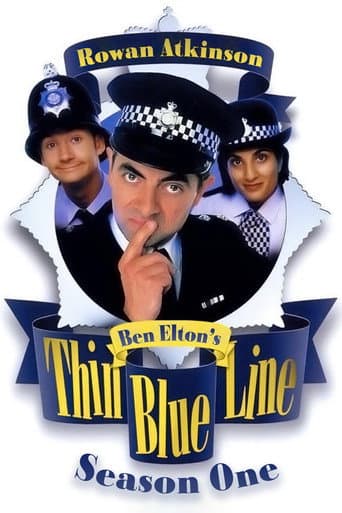 The Thin Blue Line Season 1 poster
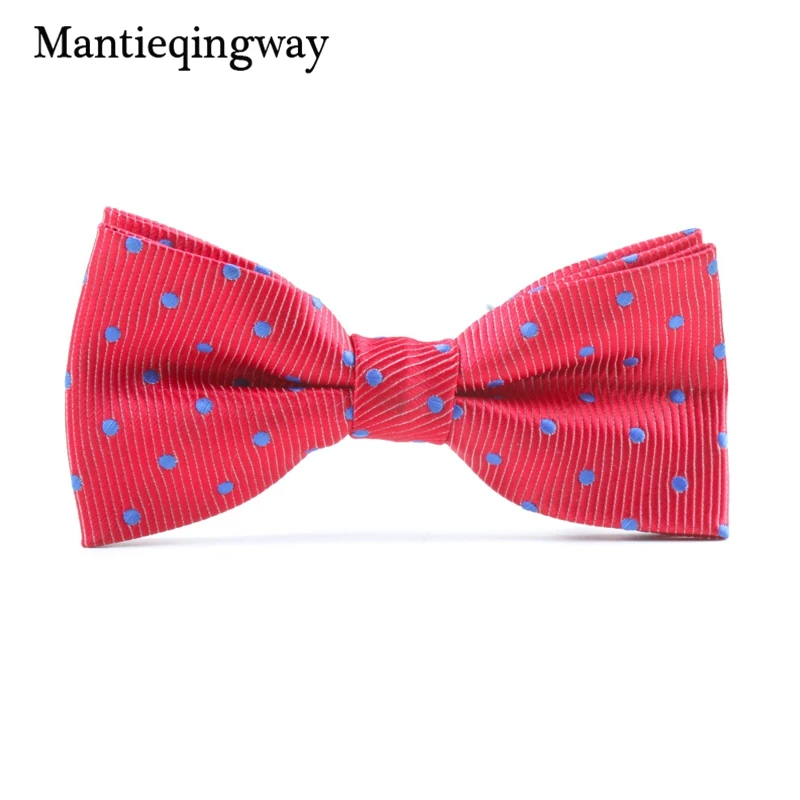 Mantieqingway Детский аксессуары галстук-бабочка с принтом в виде героев мультфильмов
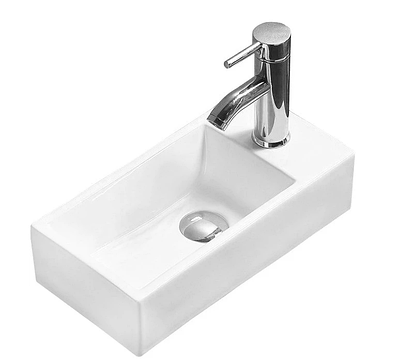 Умивальник (раковина) MEXEN INEZ 45 лівий накладний підвісний *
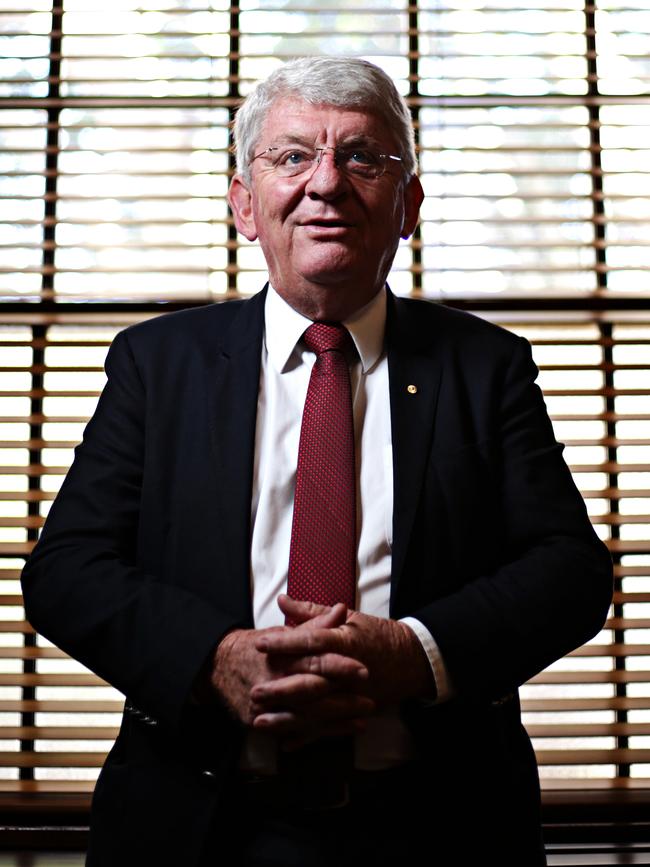 Administrator Dick Persson. Picture: Adam Yip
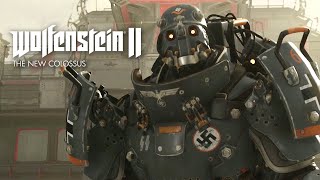 ولفينشتاين2 (Wolfenstein II The New Colossus( part 7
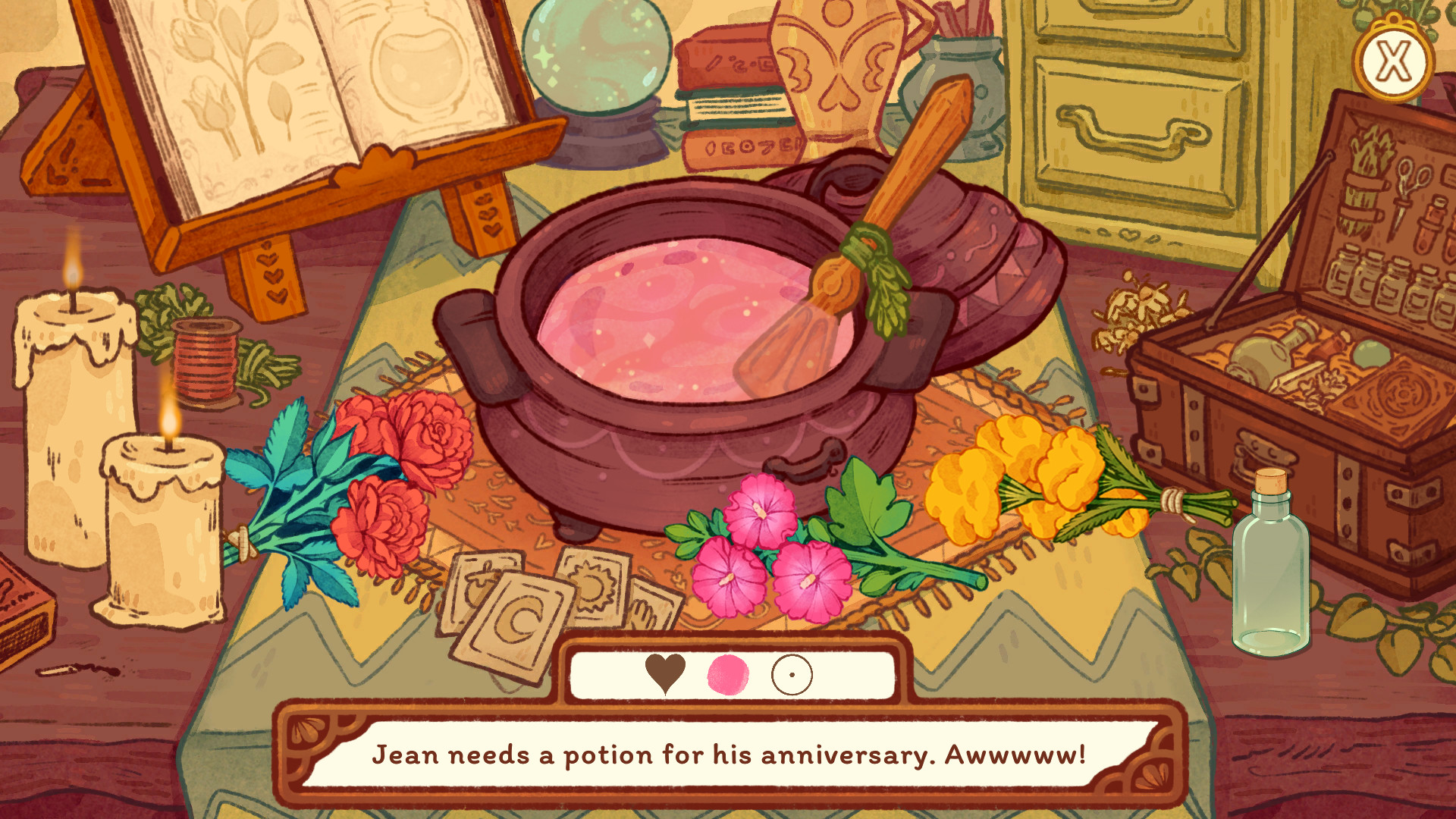 Indie Game Lover Witchy Life Story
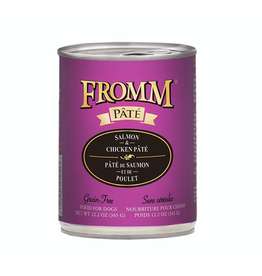 Fromm Fromm Family Grain Free Salmon & Chicken Pate Canned Dog Food 12.2oz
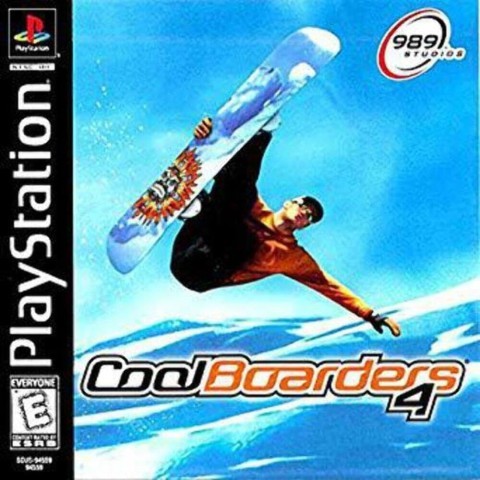 Cool boarders 4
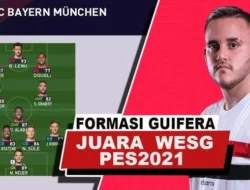 Formasi Bayern Munchen Terbaru PS4 Paling Terupdate dan Efektif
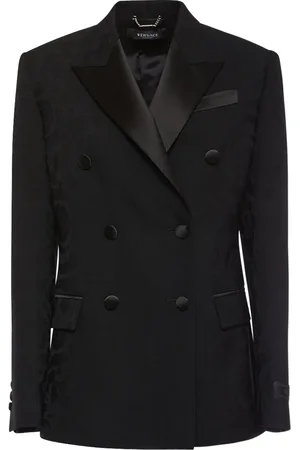 VERSACE Barocco Tailored Wool Jacket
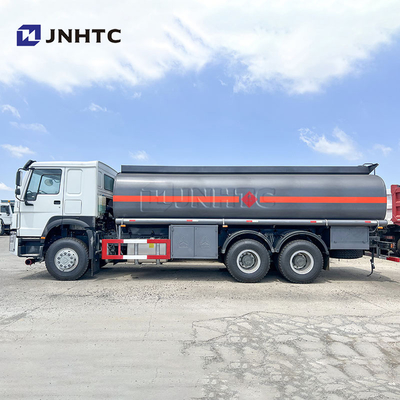 HOWO 371 HP 20000 Liters Heavy Fuel Tank Truck 6X4 Oil Tank Truck
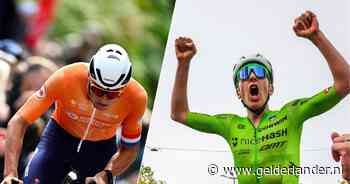Magistrale Tadej Pogacar wint ‘na domme aanval’ wereldtitel, brons voor onttroonde Mathieu van der Poel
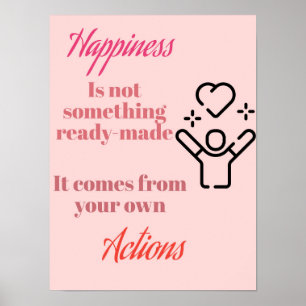 Felicidade em Ação: poster
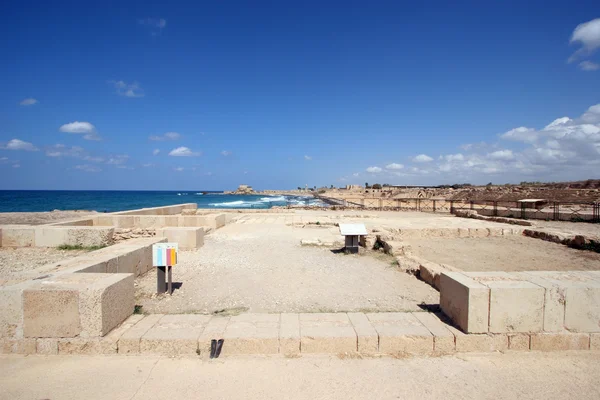 Cidade antiga Cesareia de Israel — Fotografia de Stock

********************

- [AIM OF THE TASK]: Your answer must be exactly the lines from the one with "HOWO 371 HP" through the final line of the data, with no pictures in it.

- [REPLY]:
 HOWO 371 HP 20000 Liters Heavy Fuel Tank Truck 6X4 Oil Tank Truck
Magistrale Tadej Pogacar wint ‘na domme aanval’ wereldtitel, brons voor onttroonde Mathieu van der Poel
 Felicidade em Ação: poster
 Cidade antiga Cesareia de Israel — Fotografia de Stock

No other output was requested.